Apple Music Embeddedable Web Player Leaks Ahead Of WWDC Keynote

Apple Music

Apple has been aggressively focused on improving its Apple Music service to compete mainly with Spotify, currently the top dog in steaming music. As part of that, it looks like Apple is going to roll out browser-based streaming of songs and playlists, and not short preview clips, but full songs. The ability has been added to the Apple Music tools website with an updated interface that allows users to log in and play songs, albums, and playlists from an embeddable widget.
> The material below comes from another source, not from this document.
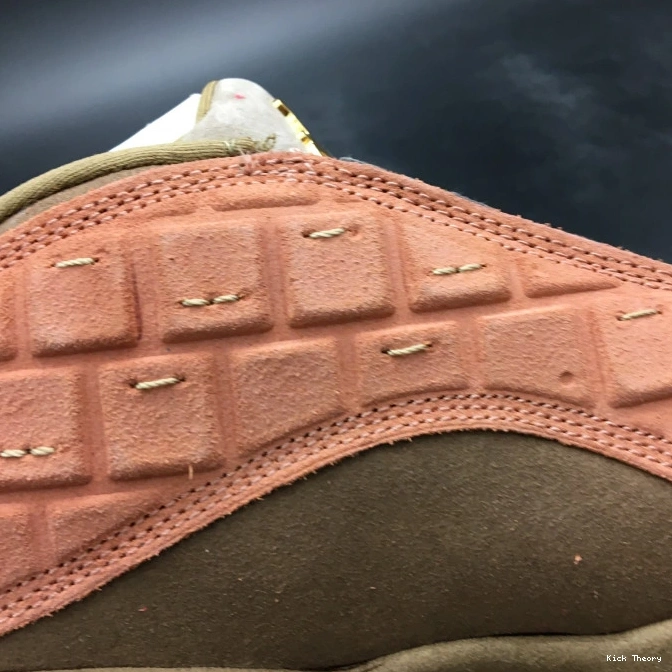Kick Theory x Blush Air Canteen-Terra Stone CLOT Jordan Sepia 13 Low AT3102-200 0723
Being able to create widgets for Apple Music is not new in and of itself. This is something that Apple has provided web developers all along, allowing artists to promote their music on their websites. However, previously Apple limited playback to 30-90 seconds, meaning artists could only enable site visitors to preview a music clip before being whisked away to iTunes for the full song. That has now changed.

A user on Reddit noticed that Apple upgraded the widget's interface. Now users can log into their Apple Music account and play full songs, albums, and playlists all from within the web browser.
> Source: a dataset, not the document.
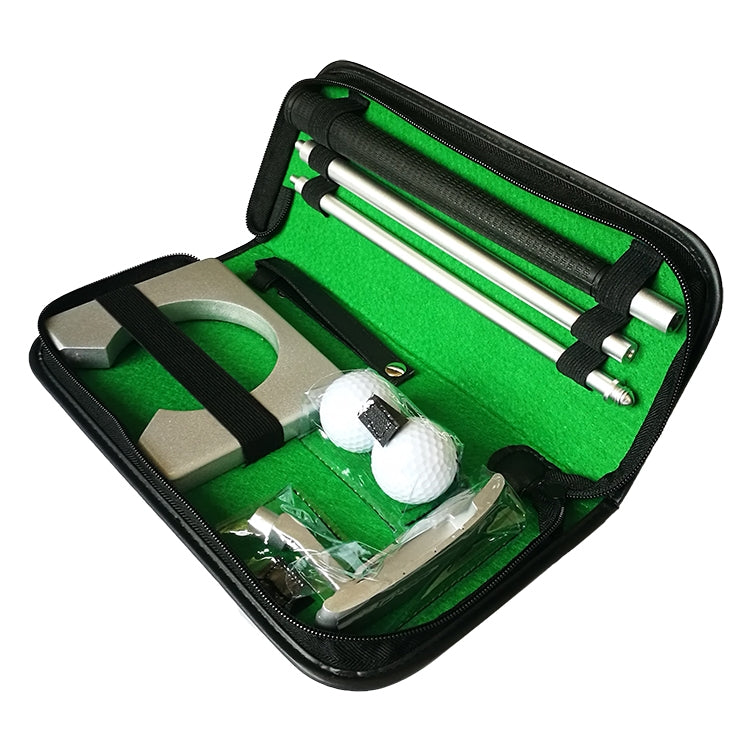 PGM Golf Zipper Pack Indoor Training Putter Set, Training Set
The change comes just ahead of Apple's Worldwide Developers Conference (WWDC). It's not clear what exactly Apple is planning in regards to its Apple Music service, but this new ability suggests it could unveil a full online Apple Music client so that users could access and play back their full catalog of songs from within a web browser the same as they on their Apple Music mobile app.

At present, the upgraded widget offers play/pause controls, the ability to skip tracks, and a progress scrubber. There is more that Apple would need to add for this to truly to compete with Spotify, such as being able to browse a user's library. But those bits would presumably be part of the overall experience, if this is something that Apple is getting ready to unveil.